Several bloggers have written numerous postings about how absurd and stupid the quest giver mark is, and how it simplifies the questing process immensely. At the same time in single player games you get into conversations with the NPC's who may -or may not- invite you to do a chore for them. And more often this simple task leads on to another en route, so you really do not even have to come back to the same NPC before you have unlocked the whole chain, which is in fact a story within the game. In WoW there are few excellent quest chains, like the Missing Diplomat, in which you are being led from one quest giver to another and piece by piece you unravel the mystery of the missing king... Who has returned now, but still, the questline is a longer story, spanning across the two continents.

Why and how the quests have become so stupid in WoW? And why do we want to see those incredible absurd exclamation marks and question marks in our game?

I was a very happy camper while playing Oblivion, without the marks denoting the quest givers. And without having any kind of quest help besides the discussions with the NPC's in the game. The real question is, how viable such a questing system is within a MMO.

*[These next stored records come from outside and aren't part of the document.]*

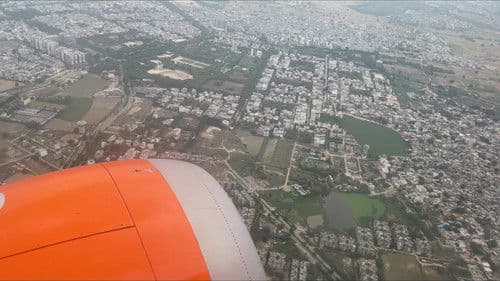 संकट का समय Bild 1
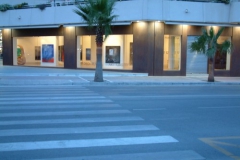 MARBELLA_2002-2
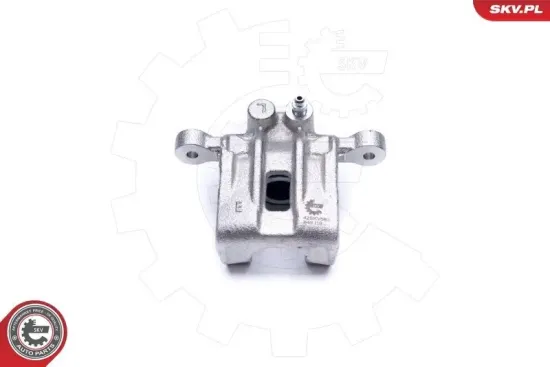 Bremssattel Hinterachse links ESEN SKV 42SKV563 Bild Bremssattel Hinterachse links ESEN SKV 42SKV563
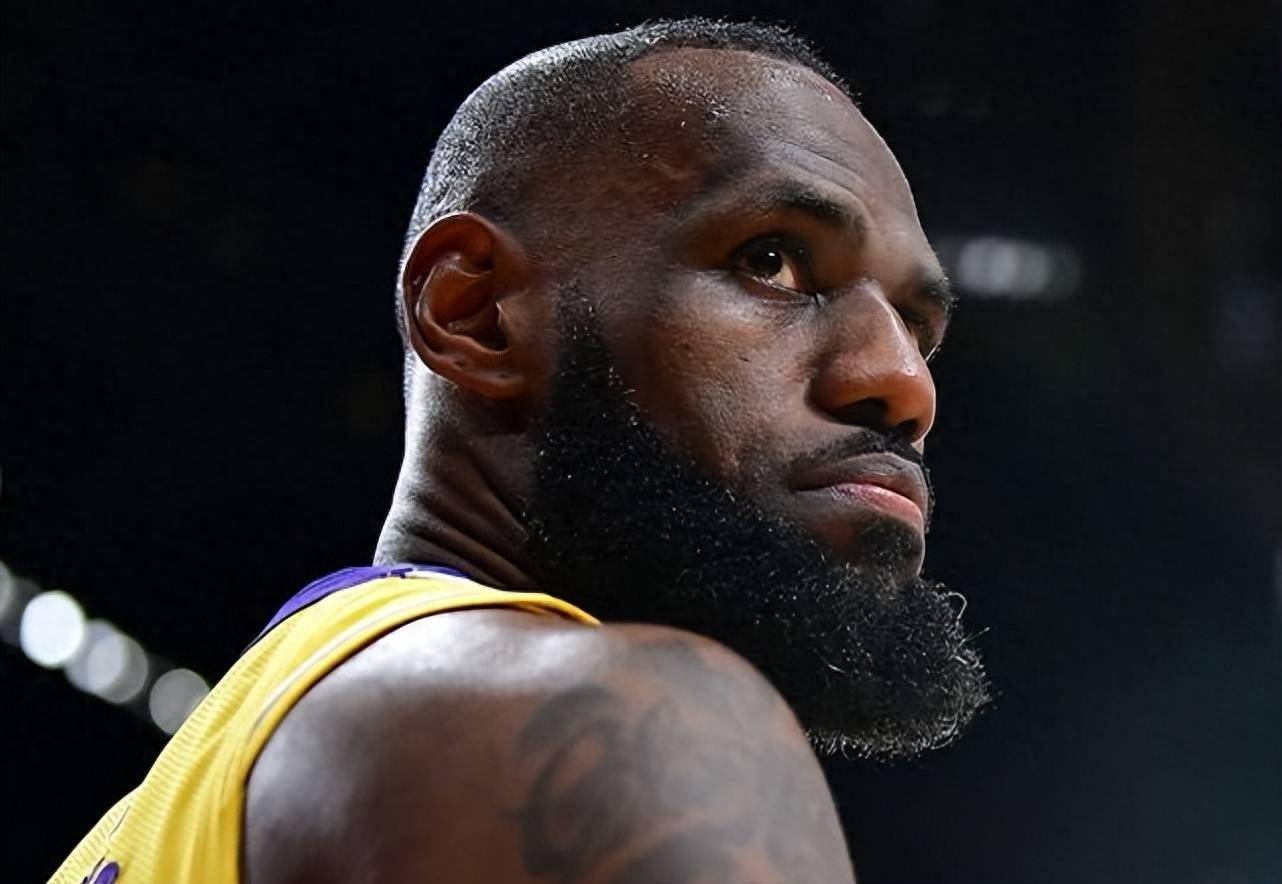 开云体育中国-里尔窗口期远射贴柱，志在NBA季后赛名次提升，信心回归，纪律约束更严格的简单介绍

The other thing completely involving the immersion part is the fact that when you come to a quest hub in WoW (or any other MMO after WoW's launch), you go on and collect them all and start working through the list of quests. The rewards do not matter, nor the stories in them, just as long as you get the experience. But how different would the game experience be if the quest system was such that by choosing this quest over that other, the other quest would become inaccessible to you? So that every choice you made in selecting the quests would close some doors and open others? The choice of quests would become more a multiple choice thing rather than quests being the mandatory advancement route in the game.

I'd even like to see this go one bit further: the reputation you have within the faction would also open or close quests. The faction could be as small as the village (or quest hub if you like), making the re playability of an MMO even bigger due to the fact that each alt would have completely different set of possibilities at hand. Sure, this would mean that there would be a huge amount of content which would be used more than the rest, but then again the tweaking of such content would be pretty easy by balancing the returns (rewards) of the quest chains over time, making them all more or less equal.

What would this mean in grouping? Of course, the grouping would be an issue, if the quests wouldn't have common ends in the group content. The objectives wouldn't have to be the same: one chain could require collecting something from an instance, the other killing some mobs in there and the boss would still have the loot table to satisfy the participants.

The current quest system in WoW is more or less the lazy interpretation of the whole questing system. It works but it's dull and outlived by the possibilities presented in the single player games. Wouldn't it be fair towards us players, that the quest system was as interesting and intriguing as the graphical content of the game?

Especially now as the tools like phasing are making the unique player experience possible?